A short update on the structure of drug binding sites on neurotransmitter transporters

Mari Gabrielsen 1, Ingebrigt Sylte 1, Svein G Dahl 1, Aina W Ravna 1,
PMCID: PMC3259071  PMID: 22192271

Abstract

Background

The dopamine (DAT), noradrenalin (NET) and serotonin (SERT) transporters are molecular targets for different classes of psychotropic drugs. Cocaine and the SSRI (S)-citalopram block neurotransmitter reuptake competitively, but while cocaine is a non-selective reuptake inhibitor, (S)-citalopram is a selective SERT inhibitor.

Findings

Here we present comparisons of the binding sites and the electrostatic potential surfaces (EPS) of DAT, NET and SERT homology models based on two different LeuTAa templates; with a substrate (leucine) in an occluded conformation (PDB id 2a65), and with an inhibitor (tryptophan) in an open-to-out conformation (PDB id 3f3a). In the occluded homology models, two conserved aromatic amino acids (tyrosine and phenylalanine) formed a gate between the putative binding pockets, and this contact was interrupted in the open to out conformation.
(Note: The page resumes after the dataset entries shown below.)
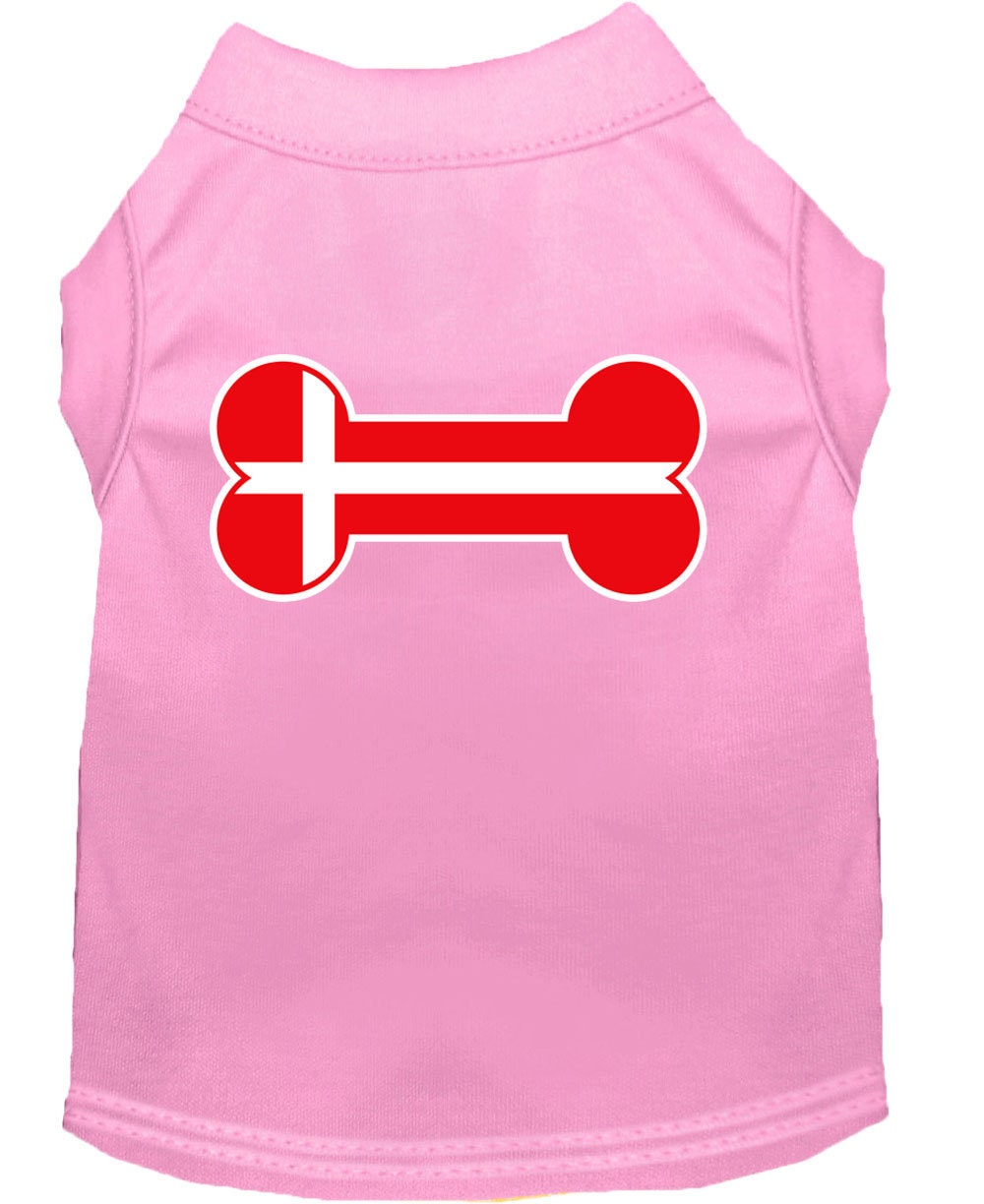 Haustier-Shirt „Knochenflagge Dänemark“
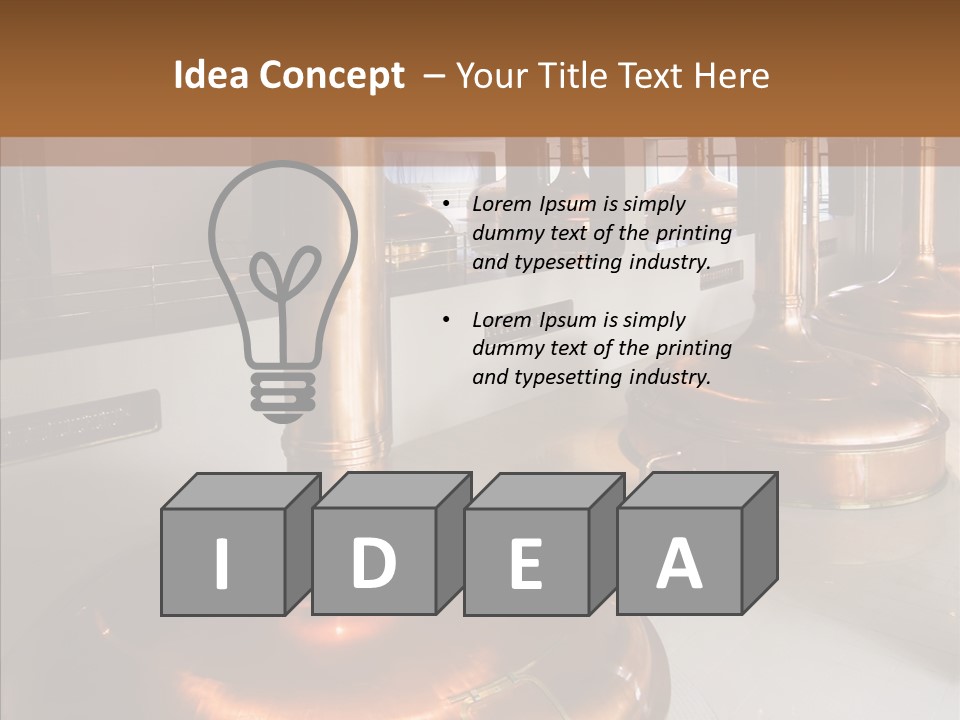 Brewery Brewhouse Brew PowerPoint Template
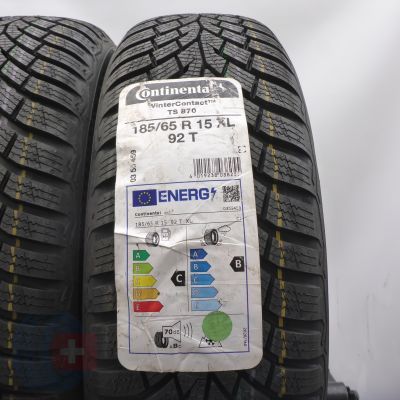 3. Opony 185/65 R15 2x CONTINENTAL 92T XL WinterContact TS870 Zimowe 2022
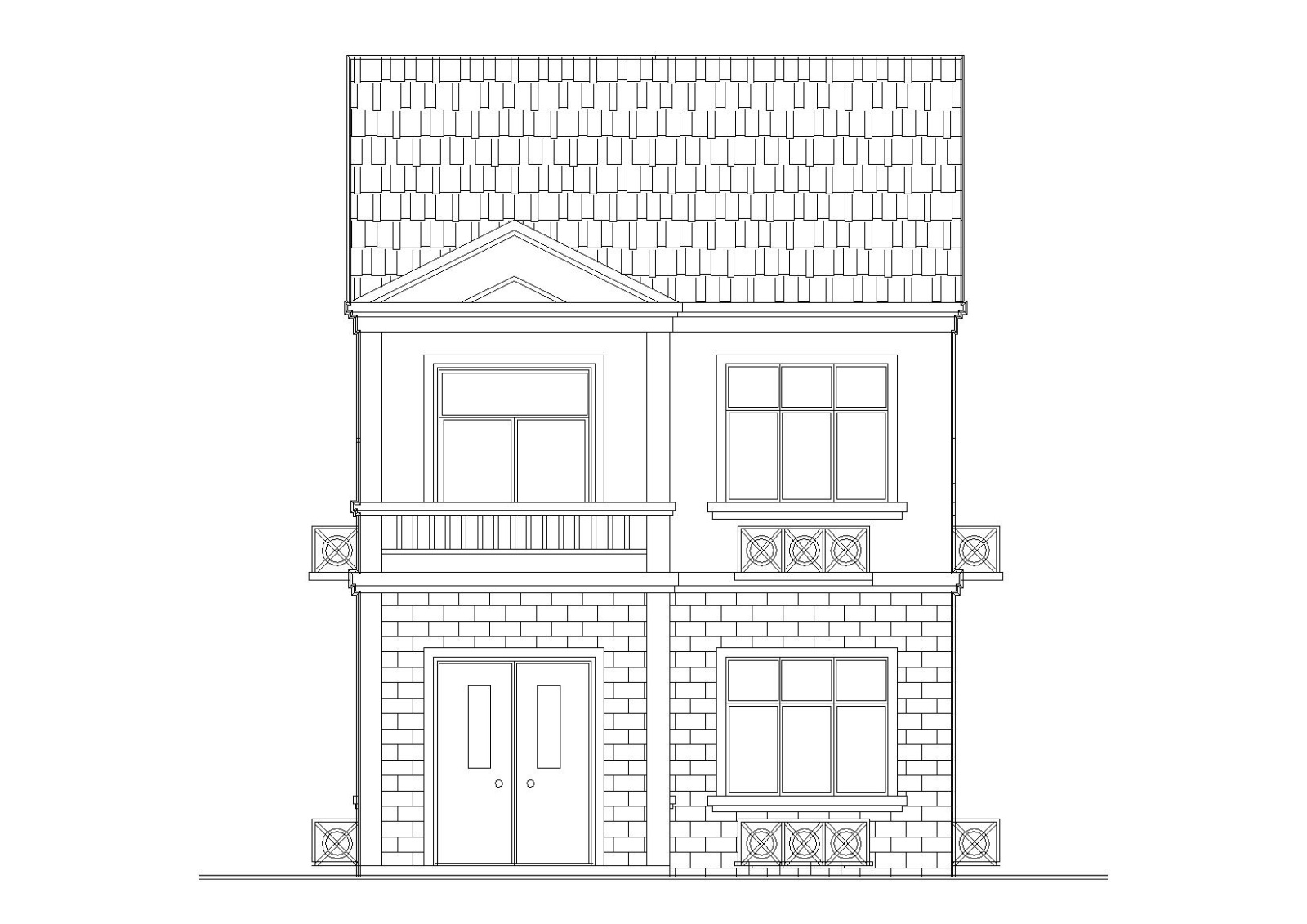 乡村私家舒适型二层住宅楼建筑施工图施工图下载【ID:160730165】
The EPS of DAT and NET were generally negative in the vestibular area, whereas the EPS of the vestibular area of SERT was more neutral.

Conclusions

The findings presented here contribute as an update on the structure of the binding sites of DAT, NET and SERT. The updated models, which have larger ligand binding site areas than models based on other templates, may serve as improved tools for virtual ligand screening.

Introduction

There are three main dopaminergic pathways in the brain, the mesolimbic/mesocortical pathway involved in emotion- and drug-induced reward systems, the nigrostriatal pathway involved in motor control, and the tuberohypophyseal neurons involved in regulation of secretions from pituitary gland. The reward system is linked to drug abuse, and it is activated when a person receives positive reinforcement for certain behaviors, which can be artificial rewards (addictive drugs) or natural rewards (sex or food). When cocaine binds to DAT, a "reward" associated with an elevated dopamine concentration in the synapse in the Nucleus Accumbens occurs [1]. Individuals with the hypodopaminergic trait involving an impairment of the reward cascade ("Brain Reward Cascade Model") termed "Reward Deficiency syndrome" (RDS), which may be due to several genes, and also due to environmental stimuli, have higher risk for substance abuse, impulsive behavior, eating bingeing, pathological gambling, ADHD and sex addiction etc. [2,3].

Cocaine has similar binding affinities for DAT and the noradrenalin (NET) and serotonin (SERT) transporters. In addition to stimulant action, NET and SERT are molecular targets for antidepressants (selective serotonin reuptake inhibitors (SSRIs), selective noradrenaline reuptake inhibitors (NERI), serotonin-noradrenalin reuptake inhibitors (SNRI), and tricyclic antidepressants (TCA)). Binding studies have demonstrated that SSRIs are from 300 to 3,500 times more selective for SERT over NET, and generally have low affinities for DAT [4].

DAT, NET and SERT belong to the large neurotransmitter: sodium symporter (NSS) family of transporters [5], and they regulate monoamine concentrations at neuronal synapses by carrying monoamines across neuronal membranes into presynaptic nerve cells, using an inwardly directed sodium gradient as an energy source. Cocaine elevates the concentration of all three neurotransmitters at synapses, while SSRIs and NERIs elevate the concentration of serotonin and noradrenaline, respectively. Both serotonergic and noradrenergic neurons are localized in the pons and medulla (raphe nuclei), and their axons project to brain regions such as the limbic system, the cerebral cortex and hypothalamus.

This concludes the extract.